We need to connect the Debezium connector to our PostgreSQL database:

./debezium/connector.sh
#!/bin/bash

curl -H 'Content-Type: application/json' debezium:8083/connectors --data '
{
  "name": "values-connector",  
  "config": {
    "connector.class": "io.debezium.connector.postgresql.PostgresConnector", 
    "plugin.name": "pgoutput",
    "database.hostname": "postgres", 
    "database.port": "5432", 
    "database.user": "user", 
    "database.password": "password", 
    "database.dbname" : "values_db", 
    "database.server.name": "postgres", 
    "table.include.list": "public.values" 

  }
}'

⚠️ This file should have executable rights.

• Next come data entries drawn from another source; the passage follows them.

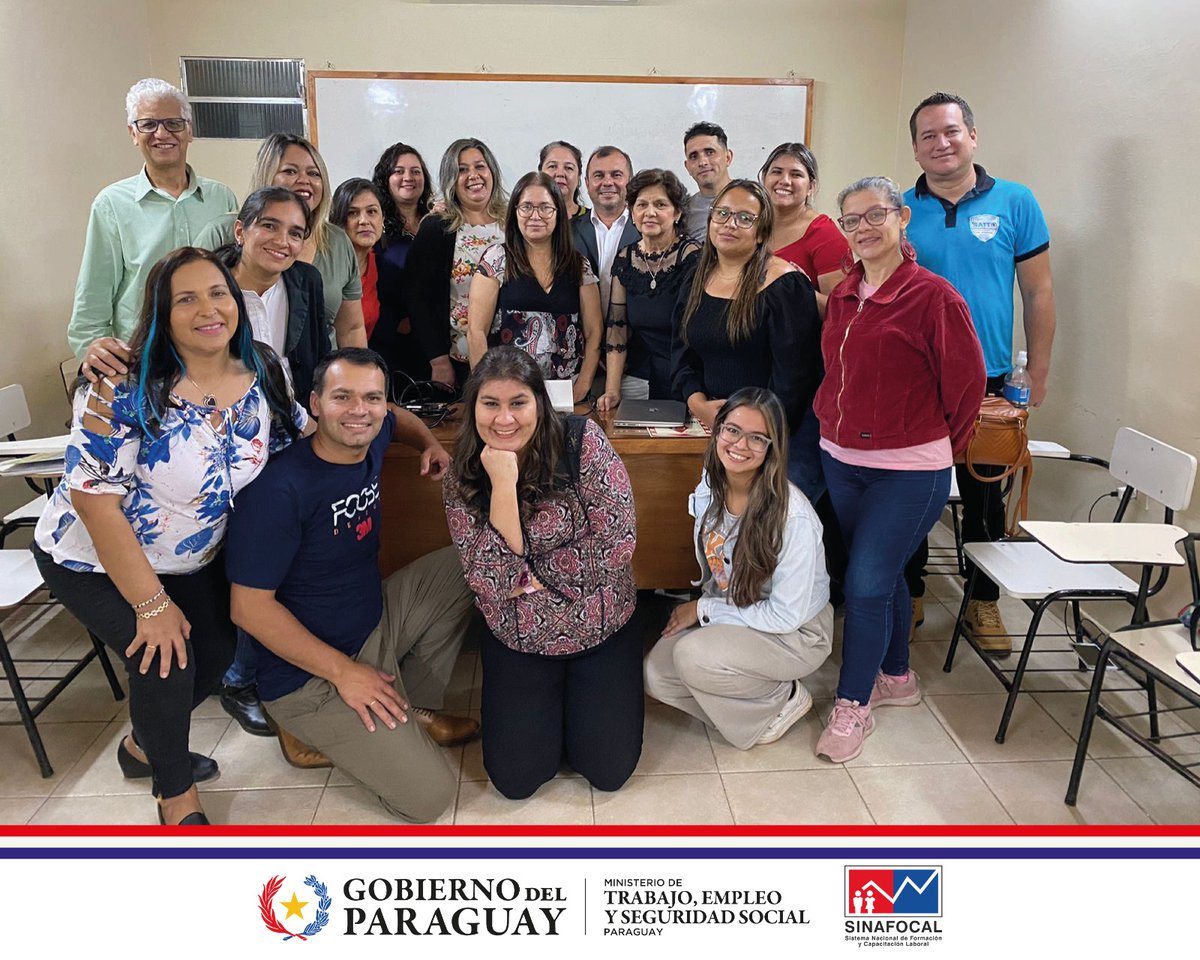 Sinafocal's tweet photo. 👩🏻‍💻 El #REIFOCAL del @Sinafocal celebra la entrega de certificados a 19 egresados del curso del Itinerario Formativo del Instructor – IFI.

La iniciativa permitirá una formación permanente para desarrollar capacidades técnicas, socios personales, metodológicas y cognitivas que 🧵 https://t.co/tCL8CMXHKi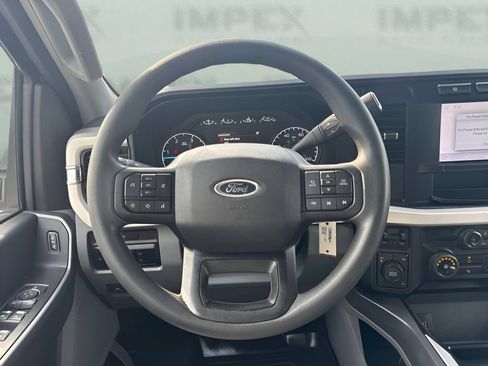 Used 2024 Ford F350 XLT AWD/4WD image 12
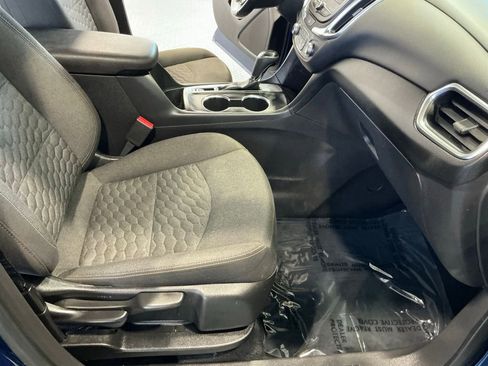 Used 2020 Chevrolet Equinox LT w/ Driver Convenience Package image 9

Copy this script at the root of the container to execute it manually.

Pathway

Now you need to set up the container for Pathway. Pathway does not have its own docker image, so you are going to use a Dockerfile to configure our container.

  pathway:
    container_name: db_tuto_pathway
    build:
      context: .
      dockerfile: ./pathway-src/Dockerfile
    depends_on: [kafka, postgres]

In our Dockerfile, we use a Python image. You just need to use the pip install command to install Pathway.

./pathway-src/Dockerfile
FROM --platform=linux/x86_64 python:3.10

RUN pip install -U pathway
RUN pip install kafka-python
COPY ./pathway-src/sum.py sum.py

CMD ["python", "-u", "sum.py"]

⚠️ For compatibility reasons, we use a x86_64 Linux container.

The file sum.py is the entry of our container: it will be automatically launched when the container has started. Once it is terminated, the container is stopped. Our pipeline will be defined in this file.

That's it! That's a large docker-compose file, but when you think that this is enough to launch the 5 containers and make them work together, it is quite impressive!

Makefile

To launch the containers, we only need to run docker-compose up in the same directly as docker-compose.yaml. Nevertheless, it may be more simple to have a dedicated Makefile:

./Makefile
build:
    chmod +x ./debezium/connector.sh
    chmod +x ./sql/update_db.sh
    docker-compose up -d
    sleep 5
    docker-compose exec debezium ./connector.sh
    docker-compose exec postgres ./update_db.sh

stop:
    docker-compose down -v
    docker rmi tutorial-example-pathway:latest

You can launch the experiment with make and stop it with make stop.

Now you only need to do our pipeline in sum.py.

Debezium input connector

Data stream: For the input connector, the stream should be in the form of Debezium messages received on a given topic. Each received update is atomic, and triggers the update of the pipeline created in Pathway.

Note that Debezium connectors only work in streaming mode.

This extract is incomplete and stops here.